Items from a data source
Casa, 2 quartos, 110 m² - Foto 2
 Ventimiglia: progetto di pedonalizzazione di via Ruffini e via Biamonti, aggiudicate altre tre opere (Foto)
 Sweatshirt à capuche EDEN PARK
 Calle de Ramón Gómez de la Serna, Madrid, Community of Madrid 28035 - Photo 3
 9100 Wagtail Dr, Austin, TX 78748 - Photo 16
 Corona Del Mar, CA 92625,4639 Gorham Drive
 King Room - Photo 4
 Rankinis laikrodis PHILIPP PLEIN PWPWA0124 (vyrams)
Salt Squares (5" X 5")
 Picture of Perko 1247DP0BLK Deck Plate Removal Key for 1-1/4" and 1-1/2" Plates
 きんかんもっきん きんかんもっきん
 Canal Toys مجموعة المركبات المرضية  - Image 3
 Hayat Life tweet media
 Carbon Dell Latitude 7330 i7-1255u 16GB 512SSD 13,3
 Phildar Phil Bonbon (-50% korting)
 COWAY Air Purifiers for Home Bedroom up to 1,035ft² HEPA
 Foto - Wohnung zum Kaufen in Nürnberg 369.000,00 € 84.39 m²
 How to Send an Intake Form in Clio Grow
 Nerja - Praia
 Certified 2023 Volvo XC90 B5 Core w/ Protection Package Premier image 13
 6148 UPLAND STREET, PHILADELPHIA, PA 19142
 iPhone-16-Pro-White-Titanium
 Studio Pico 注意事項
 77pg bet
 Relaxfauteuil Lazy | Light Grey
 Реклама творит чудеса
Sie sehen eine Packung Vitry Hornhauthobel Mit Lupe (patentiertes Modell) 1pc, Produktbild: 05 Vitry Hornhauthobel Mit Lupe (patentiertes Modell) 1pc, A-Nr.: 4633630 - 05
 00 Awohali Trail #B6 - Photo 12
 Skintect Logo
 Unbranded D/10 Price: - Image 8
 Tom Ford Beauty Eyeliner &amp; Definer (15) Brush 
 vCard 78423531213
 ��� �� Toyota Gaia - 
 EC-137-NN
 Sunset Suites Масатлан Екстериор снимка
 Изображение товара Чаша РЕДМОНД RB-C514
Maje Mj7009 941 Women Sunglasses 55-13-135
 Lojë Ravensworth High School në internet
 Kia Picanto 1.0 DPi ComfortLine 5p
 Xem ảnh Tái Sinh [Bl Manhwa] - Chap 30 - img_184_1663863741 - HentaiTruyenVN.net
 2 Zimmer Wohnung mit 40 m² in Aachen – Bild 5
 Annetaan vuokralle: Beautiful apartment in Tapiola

◆ EXERCISE REQUIREMENTS ◆
Without any change, reproduce the data in full.

◆ EXERCISE OUTPUT ◆
Casa, 2 quartos, 110 m² - Foto 2
 Ventimiglia: progetto di pedonalizzazione di via Ruffini e via Biamonti, aggiudicate altre tre opere (Foto)
 Sweatshirt à capuche EDEN PARK
 Calle de Ramón Gómez de la Serna, Madrid, Community of Madrid 28035 - Photo 3
 9100 Wagtail Dr, Austin, TX 78748 - Photo 16
 Corona Del Mar, CA 92625,4639 Gorham Drive
 King Room - Photo 4
 Rankinis laikrodis PHILIPP PLEIN PWPWA0124 (vyrams)
Salt Squares (5" X 5")
 Picture of Perko 1247DP0BLK Deck Plate Removal Key for 1-1/4" and 1-1/2" Plates
 きんかんもっきん きんかんもっきん
 Canal Toys مجموعة المركبات المرضية  - Image 3
 Hayat Life tweet media
 Carbon Dell Latitude 7330 i7-1255u 16GB 512SSD 13,3
 Phildar Phil Bonbon (-50% korting)
 COWAY Air Purifiers for Home Bedroom up to 1,035ft² HEPA
 Foto - Wohnung zum Kaufen in Nürnberg 369.000,00 € 84.39 m²
 How to Send an Intake Form in Clio Grow
 Nerja - Praia
 Certified 2023 Volvo XC90 B5 Core w/ Protection Package Premier image 13
 6148 UPLAND STREET, PHILADELPHIA, PA 19142
 iPhone-16-Pro-White-Titanium
 Studio Pico 注意事項
 77pg bet
 Relaxfauteuil Lazy | Light Grey
 Реклама творит чудеса
Sie sehen eine Packung Vitry Hornhauthobel Mit Lupe (patentiertes Modell) 1pc, Produktbild: 05 Vitry Hornhauthobel Mit Lupe (patentiertes Modell) 1pc, A-Nr.: 4633630 - 05
 00 Awohali Trail #B6 - Photo 12
 Skintect Logo
 Unbranded D/10 Price: - Image 8
 Tom Ford Beauty Eyeliner &amp; Definer (15) Brush 
 vCard 78423531213
 ��� �� Toyota Gaia - 
 EC-137-NN
 Sunset Suites Масатлан Екстериор снимка
 Изображение товара Чаша РЕДМОНД RB-C514
Maje Mj7009 941 Women Sunglasses 55-13-135
 Lojë Ravensworth High School në internet
 Kia Picanto 1.0 DPi ComfortLine 5p
 Xem ảnh Tái Sinh [Bl Manhwa] - Chap 30 - img_184_1663863741 - HentaiTruyenVN.net
 2 Zimmer Wohnung mit 40 m² in Aachen – Bild 5
 Annetaan vuokralle: Beautiful apartment in Tapiola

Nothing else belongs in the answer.